TASK TO CARRY OUT
Set down every record below exactly as it stands, with the pictures omitted.

Short descriptive text snippets:
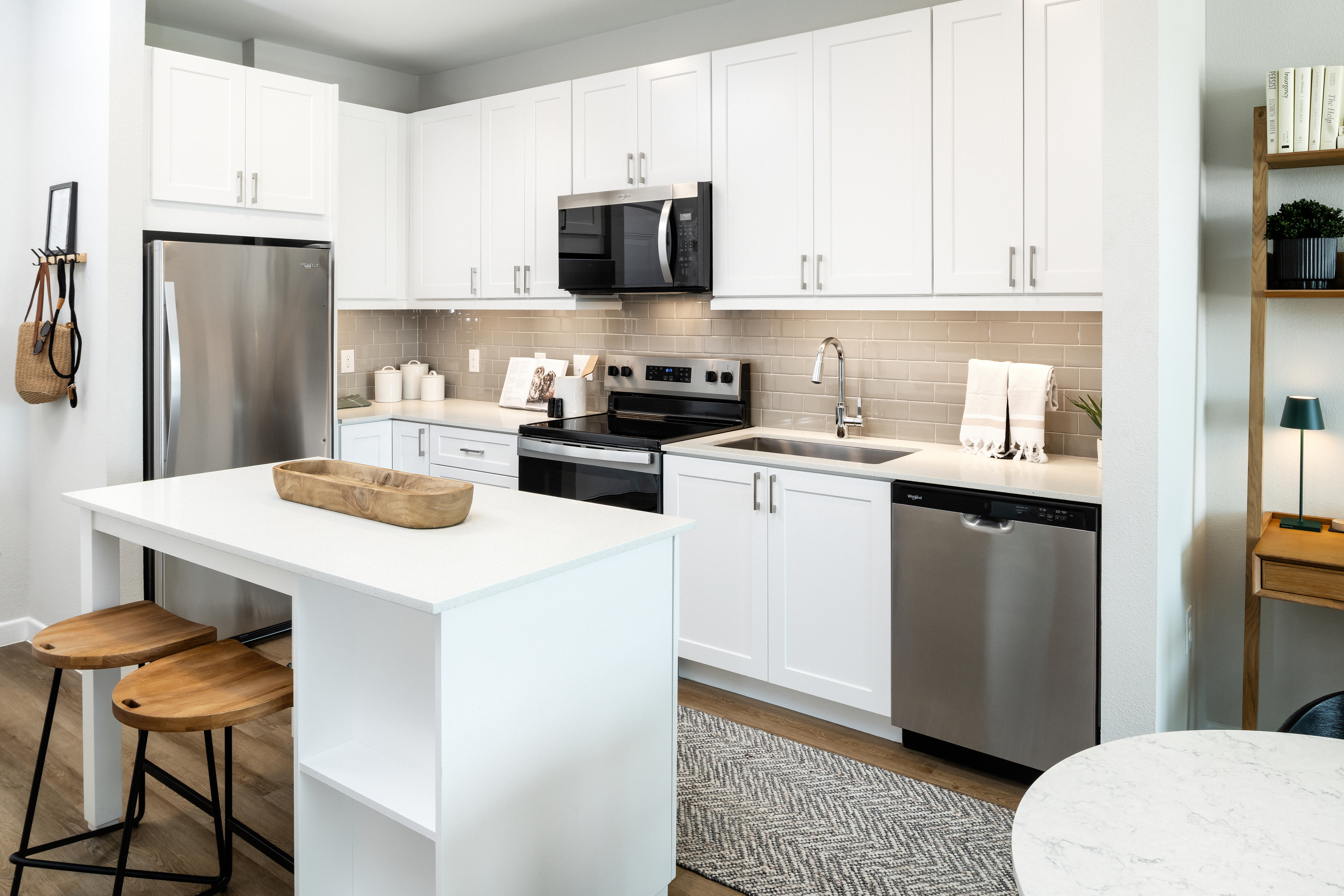 Avalon Tech Ridge 1 of 8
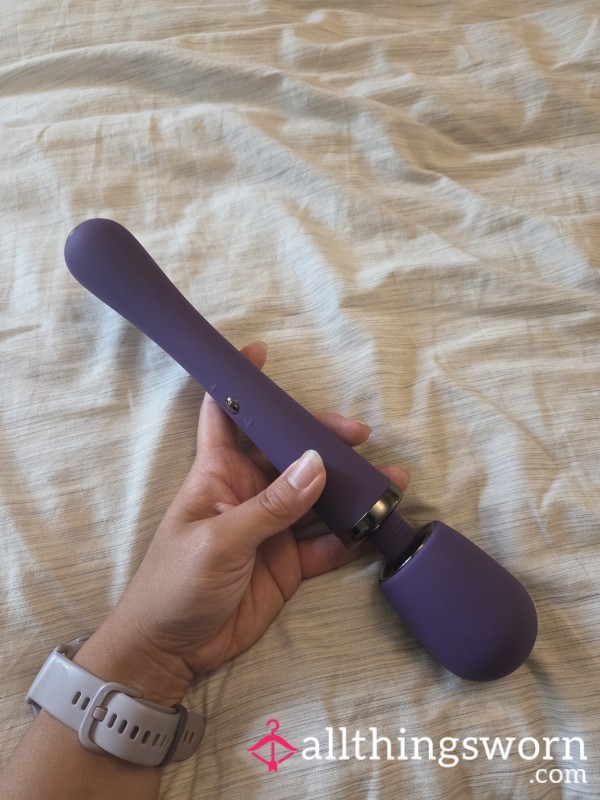 Wand And Squirt Play 😈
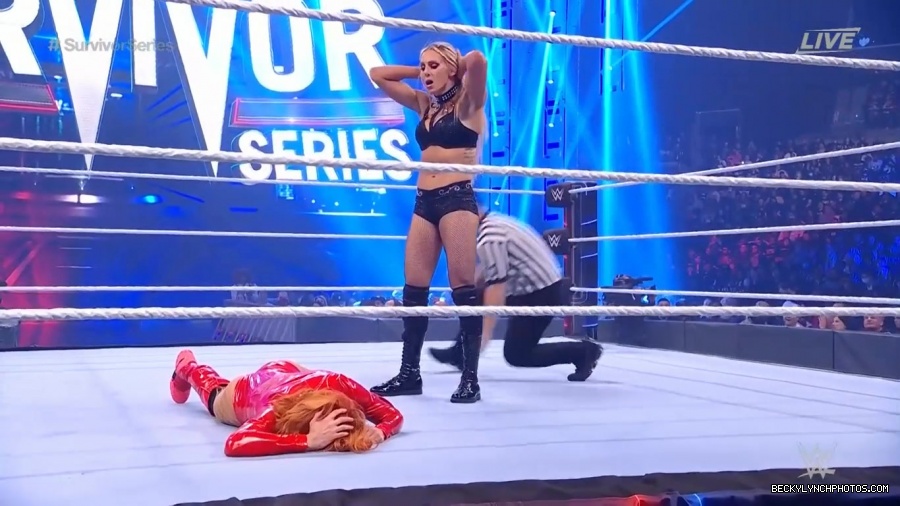 SURVIVOR_SERIES_2021_NOV__212C_2021_-_Becky_vs_Charlotte_0714.jpg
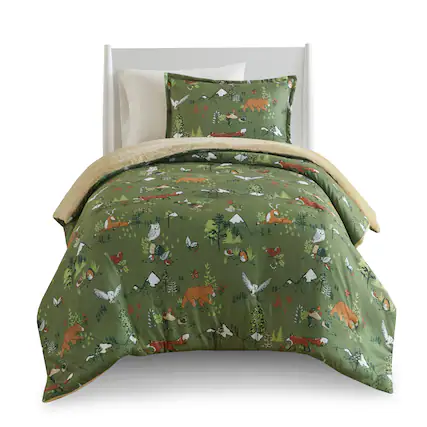 Front. Gracie Mills - Gracie Mills Harvey Kids Forest Animals Plush Reversible Comforter Set - Green.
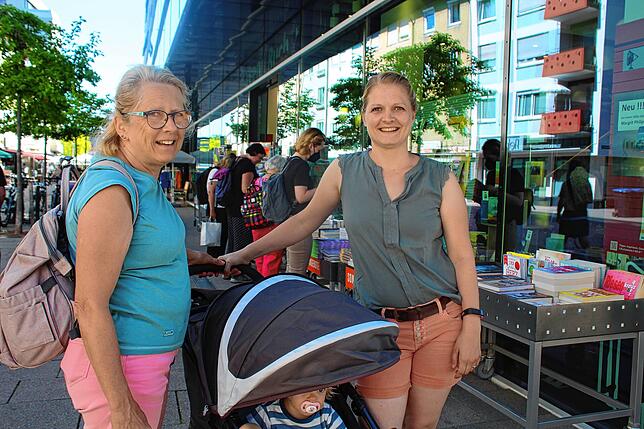 „Viele Kinderbücher kann man heute nicht mehr unreflektiert mit Kindern lesen“, findet Mona Schlüssel (rechts), die ihre ...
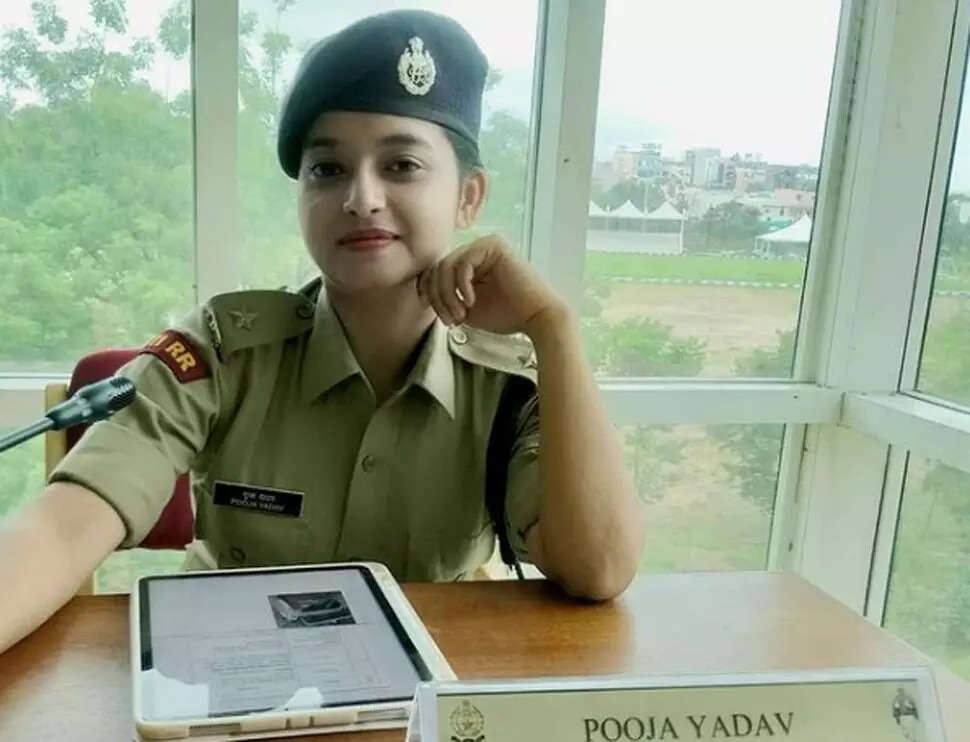 IPS Pooja Yadav: भारत की सबसे खूबसूरत महिला IPS अफसर, विदेश से नौकरी छोड़कर आई, बनकर दिखाया IPS अफसर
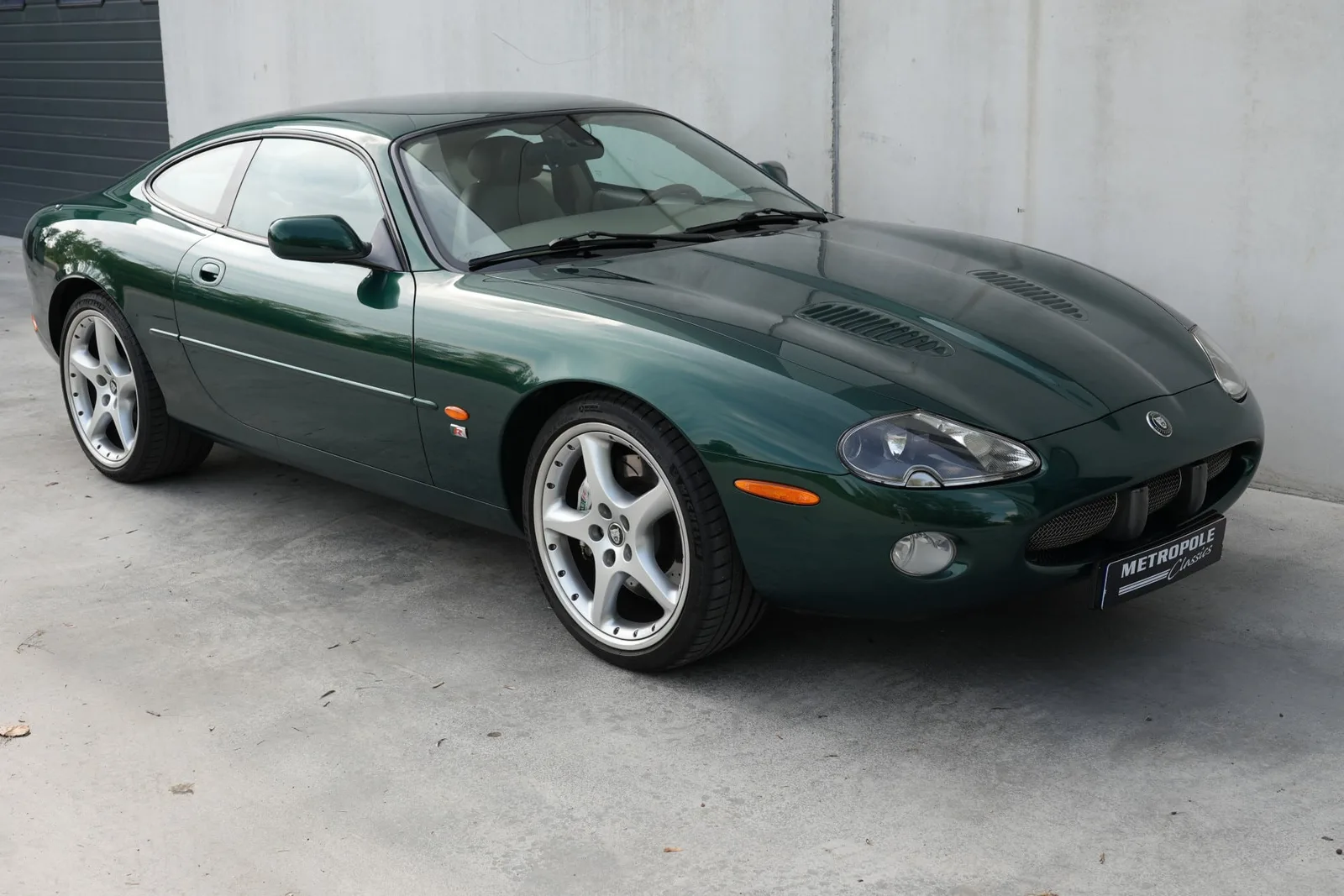 Jaguar XKR (2003) — foto 1
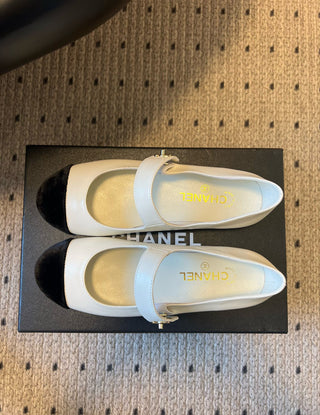 Round Toe Patchwork Style Flat Mary Jane Shoes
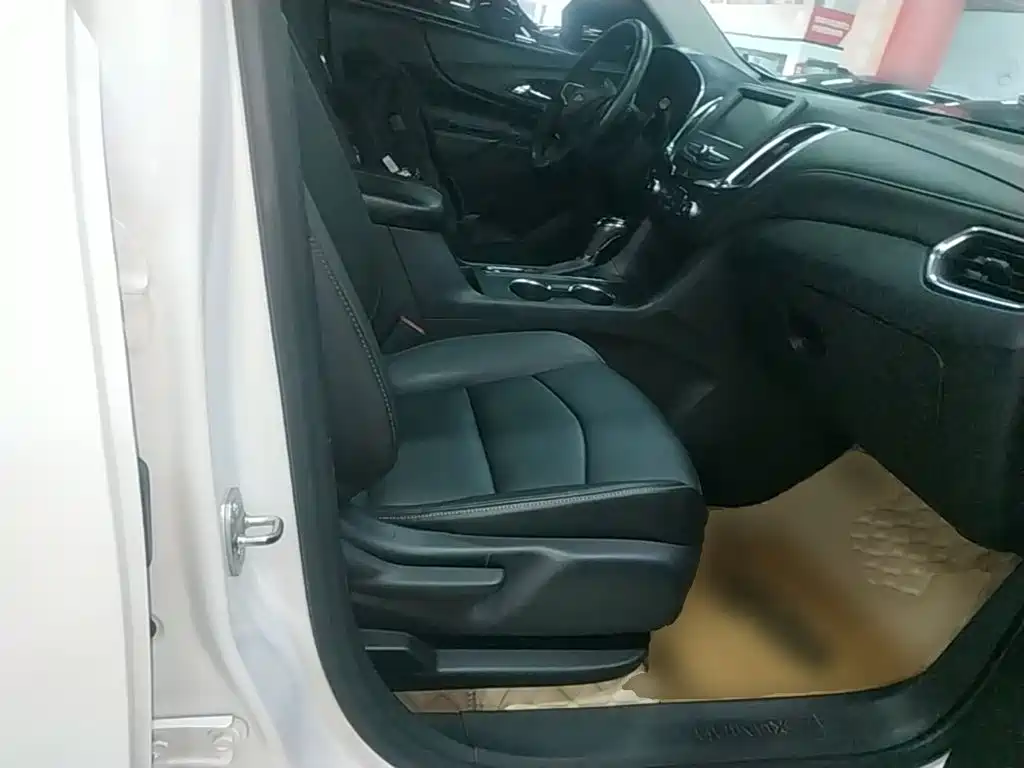 Chevrolet Equinox — миниатюра 25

THE ANSWER
 Avalon Tech Ridge 1 of 8
 Wand And Squirt Play 😈
 SURVIVOR_SERIES_2021_NOV__212C_2021_-_Becky_vs_Charlotte_0714.jpg
 Front. Gracie Mills - Gracie Mills Harvey Kids Forest Animals Plush Reversible Comforter Set - Green.
 „Viele Kinderbücher kann man heute nicht mehr unreflektiert mit Kindern lesen“, findet Mona Schlüssel (rechts), die ihre ...
 IPS Pooja Yadav: भारत की सबसे खूबसूरत महिला IPS अफसर, विदेश से नौकरी छोड़कर आई, बनकर दिखाया IPS अफसर
 Jaguar XKR (2003) — foto 1
 Round Toe Patchwork Style Flat Mary Jane Shoes
 Chevrolet Equinox — миниатюра 25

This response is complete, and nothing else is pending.